Riku_88 Posted January 23, 2009 Share Posted January 23, 2009 New album (Merriweather...) is masterful. Probably the best of the their career so far, which is impressive considering their previous albums were great too. Link to comment Share on other sites More sharing options...
Jiminy Cricket Posted January 23, 2009 Share Posted January 23, 2009 Waiting on a response re age limits for the Dublin gig. Link to comment Share on other sites More sharing options...
MrMagpie Posted January 24, 2009 Share Posted January 24, 2009 I still can't believe how there are no weak tracks on such a long album. Link to comment Share on other sites More sharing options...
the_gloaming09 Posted January 24, 2009 Share Posted January 24, 2009 relfecting back on the concert i really like the new song they played (not on mpp). from what i've found it it's called "Blue Sky"... here's where you can hear a live recording http://www.prefixmag.com/media/animal-collective/blue-sky-new-song-live-in-london-mp3/24987/ i like this song quite a bit... i can't wait to hear what the studio version will be like Link to comment Share on other sites More sharing options...

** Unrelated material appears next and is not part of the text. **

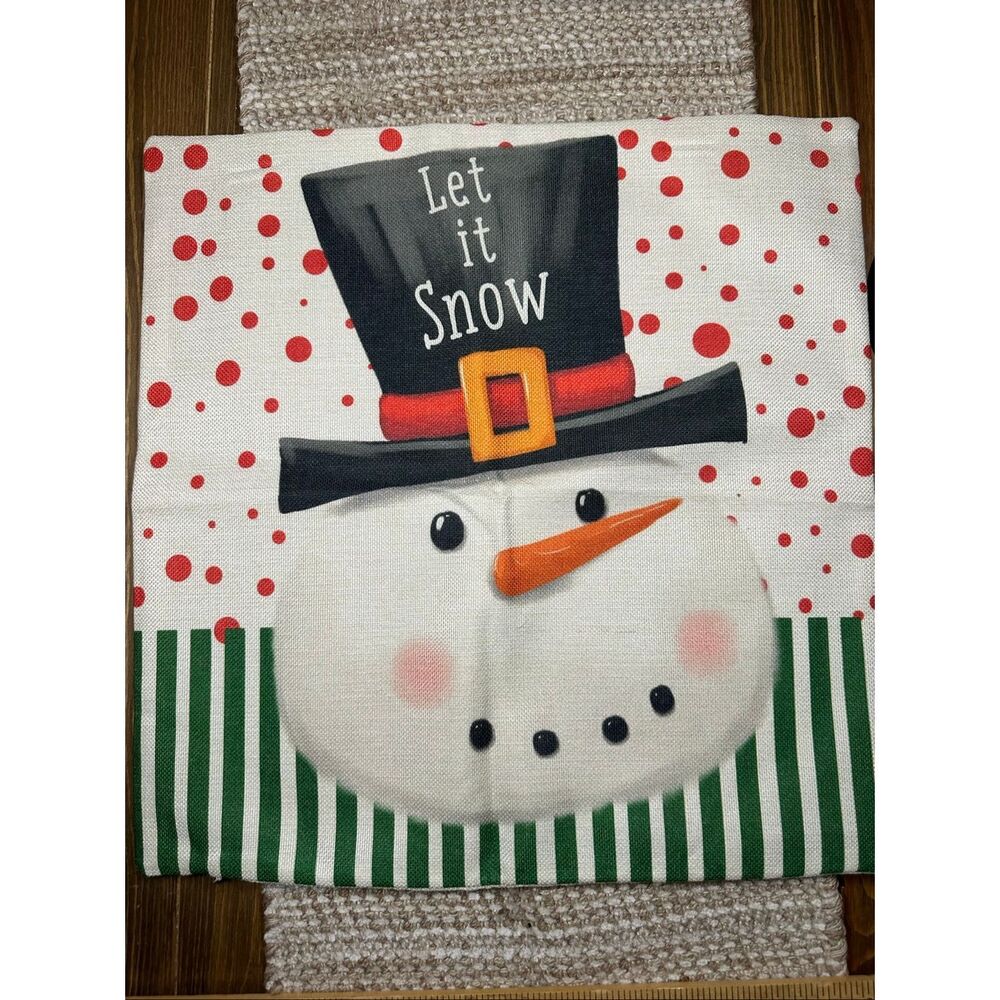 Christmas Snowman throw pillow case cover 17 x 17 New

the_gloaming09 Posted January 25, 2009 Share Posted January 25, 2009 fleet foxes posted a blog on the new animal collective album: Merriweather Post Pavilion Worship What a beautiful thing. This record makes me want to cry. Seriously special human beings... sigh. I saw Noah Lennox backstage at the Pitchfork festival and could hardly contain myself, like meeting Elvis. I bumbled a couple dumb words and cursed myself for looking like a Black Crowes monster. Blah. Anyway, I really admire this band. It filled my heart with pride to see that for a few days the top iTunes record sales were Bon Iver, Animal Collective, and us dudes. That is awesome, legitimately individual music makers doing their own thing and lots of folks being receptive and not requiring those musicians to concede anything to find success. Life is rad and weird. Our record has since fallen off the chart but Bon Iver and AC hold strong - even radder. How amazing would it be if this could be the new popular stuff for real? What if SNL had Animal Collective, Grizzly Bear, Bon Iver, Department of Eagles, Panda Bear, Joanna Newsom (gimme new songs plz), Vetiver, Cave Singers, etc etc etc etc etc etc on the show and that was the new paradigm? That would be so amazing. So much great music exists. A humbling and terrifying amount of amazing music. Yeah. Me and olivia watched My Kid Could Paint That last night and it resulted in one of those clumsy conversations about what's art and what's not art (I was trying to argue that dancing is athletics more than art but she vehemently disagreed and is right, in hindsight). All I could really come up with as a personal definition for what makes something "artistic" in my eyes is when that thing gives you some new and clearer insight into the creator. I can listen to Bob Dylan sing "Buckets of Rain" and feel like I know Bob as a person better in a way I couldn't ever get from a conversation with the guy. I feel like Dan Rossen of Grizzly Bear's guitar playing is a weird window into his soul, it's so unique and expressive (probably wrong about this but that's just the feeling it gives me). Every choice made on Merriweather Post Pavilion is an insight into that band. It's like a weird avenue of really refined personal communication that you could never achieve with just words. I love MPP. ----------- http://blogs.myspace.com/index.cfm?fuseaction=blog.view&friendID=7279488&blogID=466172395 Link to comment Share on other sites More sharing options...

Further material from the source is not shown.